*** Information shown Section Begins ***

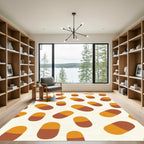 Earthy Orange Two Tone Pill Rug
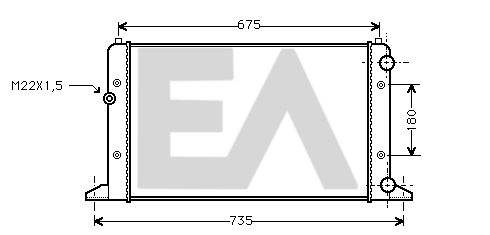 31R77098 EACLIMA Радиатор, охлаждение двигателя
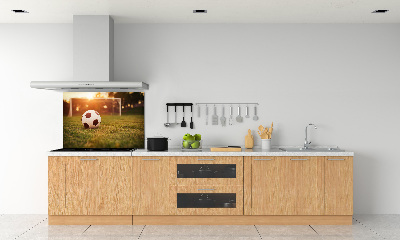 Glasrückwand für die küche Der Ball auf dem Spielfeld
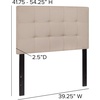 image:imageFlash Furniture Bedford Box Stitch Tufted Upholstered Twin Size Headboard in Beige Fabric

*** Information shown Section Ends ***

▸ Task directions
Pictures stay out of the copy; print the material above exactly.

▸ Response
 Earthy Orange Two Tone Pill Rug
 31R77098 EACLIMA Радиатор, охлаждение двигателя
 Glasrückwand für die küche Der Ball auf dem Spielfeld
 image:imageFlash Furniture Bedford Box Stitch Tufted Upholstered Twin Size Headboard in Beige Fabric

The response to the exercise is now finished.